Sat September 30, 2023

By Jeff Smithpeters

Community Announcements

Effie Anderson Smith exhibit shows desert landscapes depicted by childhood Hope resident

Effie Anderson Smith
Effie Anderson Smith exhibit shows desert landscapes depicted by childhood Hope resident
The art of one-time Hope resident and acclaimed desert landscape painter Effie Anderson Smith will be on display at the Southwest Arkansas Arts Council Gallery at 200 East Division Street until late afternoon Sunday.  

Smith began life in Nashville in 1869, then moved with her family five years later down to Hope, Arkansas, where the Andersons lived on land presently at the intersection of South Main and East Third that extended from where First Baptist Church is today to First Presbyterian Church’s current location. Her father had a drug store in town. 

During her days in Hope, Smith discovered drawing and painting. At age 25, her father having died and the family home having been destroyed by the 1893 tornado that reportedly left 75 percent of the young town’s residents homeless, Smith moved to Arizona to join her brother George’s family as one of the first European Americans to settle in that territory. 

She was enabled by marriage to her mining company executive second husband (her first had died within three months of the wedding of tuberculosis) to travel to California for lessons with other landscapists. 

Smith was a prolific painter, using a more acute form of Monet’s Impressionism to depict mountainous and austere landscapes she found in her long life in Arizona.
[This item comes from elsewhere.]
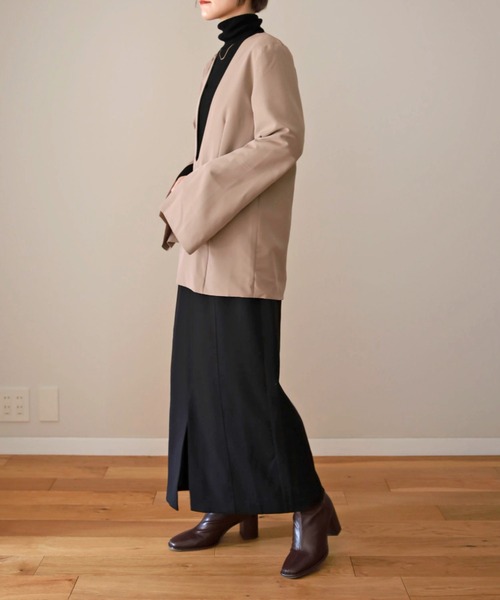 UNFIELD（アンフィールド）の「【UNFIELD】Uネックプルオーバー（シャツ/ブラウス・レディース・ベージュ/ブラック・FREE）」の8枚目の写真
Her work would be exhibited in her lifetime in such cities as New York, Philadelphia and Washington D.C. 

Steven Carlson, who came to possess several of her paintings by inheriting them from family members--he is a great grandnephew of Smith explained his great great aunt’s significance in the history of art in Arizona. “I have really made an effort to try to find another artist that was living full time in Arizona before her that was a woman, and I can't find that there was.” But after that, came numerous women artists in the state, many undoubtedly influenced by Smith. 

Viewers will be most struck by her knack for depicting the violet quality of light as the sun descends on rocky, desert landscapes, including the Grand Canyon as well as several other scenes in the American Southwest.  

Today, the SWAAC Gallery will open at 10:00 a.m. and close at 2:00 p.m.  Tomorrow the gallery will open at 1:00 p.m. and close at 5:00 p.m. The Smith exhibition will appear with more paintings than at the Hope showing in Arkadelphia Arts Center which continues Tuesday 4:00 p.m. to 7:00 p.m., Wednesday, and Thursday 10:00 am.-3:00 p.m.